A história de Zé Chapéu Grande, no início da sua vida, é envolta numa espécie de lenda. “Ele nasceu no meio de um charco, porque não haviam permitido que sua mãe deixasse de trabalhar naquele dia. Meu pai veio ao mundo cercado de mulheres que, assim como minha avó, cortavam apressadas a cana sob a vigilância dos capatazes da fazenda. Donana dizia que ele nasceu com os olhos esbugalhados e não chorou nos primeiros minutos. Quase sem forças o levou ao seio para que tomasse de seu peito. Somente depois de saciado deu seu berro, que pôde ser ouvido de longe, anunciando sua chegada.” Guardadas as devidas distâncias, o nascimento de Zé Chapéu Grande tem algo do mitológico nascimento de Macunaíma.
Na comunidade, era natural que um homem tomasse como esposa uma mulher que lhe agradasse sem qualquer ritual de matrimônio, desde que houvesse consentimento do pai. Com o consentimento da mãe e da moça, melhor ainda. Bibiana gostava de Severo. Belonísia não tinha queda especial pelo homem que pediu sua mão a seu pai. Por isso, não estranhemos o costume de casamento por sequestro na ilha da Convivência, na foz do rio Paraíba do Sul, onde não mora mais ninguém. O sequestro era um simulacro, pois o “noivo” já havia combinado tudo com o “sogro”.
Zé Chapéu Grande tinha perfil conservador. Ele aceitava sua posição de trabalhador e se contentava com as poucas regalias que lhe foram dadas, como sua casinha e o pequeno terreno para lavrar. Ele reconhecia os direitos do patrão, por mais injustos que fossem. Zé foi criado num mundo em que a hierarquia social era quase sagrada, contentando-se com o pouco que recebia. Por outro lado, até o prefeito o procurou certa vez para lhe pedir ajuda religiosa. Engana-se quem pensa que, nas comunidades pobres, todos são revoltados com sua situação social, com a exploração. Itamar Vieira trata com realismo essa postura conservadora das comunidades pobres nos anos de 1950.

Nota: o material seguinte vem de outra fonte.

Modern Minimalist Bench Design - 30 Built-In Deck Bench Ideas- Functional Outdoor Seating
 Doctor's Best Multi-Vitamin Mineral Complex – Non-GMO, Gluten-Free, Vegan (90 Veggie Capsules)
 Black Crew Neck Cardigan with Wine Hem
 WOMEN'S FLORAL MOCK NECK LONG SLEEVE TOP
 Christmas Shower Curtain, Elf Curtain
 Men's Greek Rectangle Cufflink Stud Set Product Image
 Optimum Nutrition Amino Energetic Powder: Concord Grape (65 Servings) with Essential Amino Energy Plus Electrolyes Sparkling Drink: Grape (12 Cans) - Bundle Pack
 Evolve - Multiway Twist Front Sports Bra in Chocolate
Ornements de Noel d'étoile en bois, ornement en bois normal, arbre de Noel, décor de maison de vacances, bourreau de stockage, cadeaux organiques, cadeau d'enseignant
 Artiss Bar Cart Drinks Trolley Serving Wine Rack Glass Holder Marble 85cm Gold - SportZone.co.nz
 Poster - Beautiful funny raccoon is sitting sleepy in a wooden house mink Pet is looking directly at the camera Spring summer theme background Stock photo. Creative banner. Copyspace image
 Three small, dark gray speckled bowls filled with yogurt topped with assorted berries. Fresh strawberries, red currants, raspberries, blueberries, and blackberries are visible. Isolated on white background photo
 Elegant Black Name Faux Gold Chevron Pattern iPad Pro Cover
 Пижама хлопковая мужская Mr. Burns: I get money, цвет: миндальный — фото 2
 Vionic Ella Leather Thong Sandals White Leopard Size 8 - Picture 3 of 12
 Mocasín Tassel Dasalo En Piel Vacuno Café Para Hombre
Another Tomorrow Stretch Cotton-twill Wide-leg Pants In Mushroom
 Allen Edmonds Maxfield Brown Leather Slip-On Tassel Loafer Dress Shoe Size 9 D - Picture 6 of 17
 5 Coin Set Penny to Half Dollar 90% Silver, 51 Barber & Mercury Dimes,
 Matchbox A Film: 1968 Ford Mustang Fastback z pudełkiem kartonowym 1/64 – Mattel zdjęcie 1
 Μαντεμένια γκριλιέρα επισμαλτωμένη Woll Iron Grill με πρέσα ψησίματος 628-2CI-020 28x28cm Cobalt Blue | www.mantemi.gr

Severo, marido de Bibiana e genro de Zé Chapéu Grande, faz o contraponto ao líder comunitário. É Belonísia quem narra: “Severo contava. Que chegou um branco colonizador e recebeu a dádiva do reino. Chegou outro homem branco com nome e sobrenome e foram dividindo tudo entre eles. Os índios foram sendo afastados, mortos ou obrigados a trabalhar para esses donos da terra. Depois chegaram os negros, de muito longe, para trabalhar no lugar dos índios. Nosso povo, que não sabia o caminho de volta para sua terra, foi ficando. Quando as fazendas foram deixando de produzir porque os donos já estavam velhos e os filhos já não se interessavam pelo trabalho de roça, porque ganhavam muito mais dinheiro como doutores na cidade, e nos procuravam cercando terras pelas extremidades da fazenda, dizíamos que éramos índios. Porque sabíamos que, mesmo que não fosse respeitada, havia lei que proibia tirar terra de índio.”
Zé Chapéu Grande e Severo polarizam as posturas político-sociais. Zé era explorado mas respeitava a tradição. Severo representa o novo introduzido na comunidade. Ele é líder sindical, luta contra as injustiças. Conta uma história diferente da ensinada pela professora da escola comunitária. Mas as forças conservadoras são resistentes. Itamar Vieira sabe bem disso. Rebelar-se contra as estruturas estabelecidas é perigoso. Severo acaba assassinado pelos representantes dessas estruturas.
“Torto arado” é um ótimo romance. Ele retoma o fio do romance realista rural brasileiro de forma renovada. Mesmo reconhecendo seus méritos, devo confessar que julguei os elogios da crítica um pouco excessivos.